## [Assignment]
Locate, in the data below, the line that contains "Oversize-Pullover mit Zopfmuster" and the line that contains "Dabbing Turkey Thanksgiving"; reproduce exactly those two lines and every line between them, nothing more.

=== Raw data ===

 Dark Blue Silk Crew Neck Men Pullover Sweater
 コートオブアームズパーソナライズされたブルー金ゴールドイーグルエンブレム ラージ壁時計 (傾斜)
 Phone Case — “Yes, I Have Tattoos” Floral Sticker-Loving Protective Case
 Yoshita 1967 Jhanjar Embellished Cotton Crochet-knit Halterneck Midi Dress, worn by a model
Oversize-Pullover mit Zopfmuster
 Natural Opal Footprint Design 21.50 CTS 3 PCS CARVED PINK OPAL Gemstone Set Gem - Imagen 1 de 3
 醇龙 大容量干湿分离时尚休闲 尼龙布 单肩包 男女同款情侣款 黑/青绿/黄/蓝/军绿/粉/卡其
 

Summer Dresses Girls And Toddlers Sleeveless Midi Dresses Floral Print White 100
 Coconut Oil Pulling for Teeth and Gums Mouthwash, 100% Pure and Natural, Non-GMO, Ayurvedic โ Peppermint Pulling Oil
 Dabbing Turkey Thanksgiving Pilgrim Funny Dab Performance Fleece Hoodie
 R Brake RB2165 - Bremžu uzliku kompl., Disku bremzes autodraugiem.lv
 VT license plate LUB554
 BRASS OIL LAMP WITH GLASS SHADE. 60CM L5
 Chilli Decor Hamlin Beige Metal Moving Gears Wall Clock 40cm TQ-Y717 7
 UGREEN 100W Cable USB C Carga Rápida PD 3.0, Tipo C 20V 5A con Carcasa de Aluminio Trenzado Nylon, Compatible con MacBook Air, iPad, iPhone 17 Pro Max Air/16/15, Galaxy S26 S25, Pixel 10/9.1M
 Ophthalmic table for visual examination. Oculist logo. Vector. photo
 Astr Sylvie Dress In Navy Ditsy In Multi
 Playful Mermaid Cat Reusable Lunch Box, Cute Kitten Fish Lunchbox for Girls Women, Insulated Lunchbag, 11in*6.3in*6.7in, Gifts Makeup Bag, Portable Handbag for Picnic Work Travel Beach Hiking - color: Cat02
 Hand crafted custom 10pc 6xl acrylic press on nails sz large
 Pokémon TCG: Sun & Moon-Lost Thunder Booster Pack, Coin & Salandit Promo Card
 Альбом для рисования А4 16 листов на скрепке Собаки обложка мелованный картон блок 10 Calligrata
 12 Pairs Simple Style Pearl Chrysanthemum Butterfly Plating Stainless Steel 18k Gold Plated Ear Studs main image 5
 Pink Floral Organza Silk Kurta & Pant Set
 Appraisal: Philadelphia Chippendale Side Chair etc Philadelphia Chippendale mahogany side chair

===

## [Task result]
Oversize-Pullover mit Zopfmuster
 Natural Opal Footprint Design 21.50 CTS 3 PCS CARVED PINK OPAL Gemstone Set Gem - Imagen 1 de 3
 醇龙 大容量干湿分离时尚休闲 尼龙布 单肩包 男女同款情侣款 黑/青绿/黄/蓝/军绿/粉/卡其
 

Summer Dresses Girls And Toddlers Sleeveless Midi Dresses Floral Print White 100
 Coconut Oil Pulling for Teeth and Gums Mouthwash, 100% Pure and Natural, Non-GMO, Ayurvedic โ Peppermint Pulling Oil
 Dabbing Turkey Thanksgiving Pilgrim Funny Dab Performance Fleece Hoodie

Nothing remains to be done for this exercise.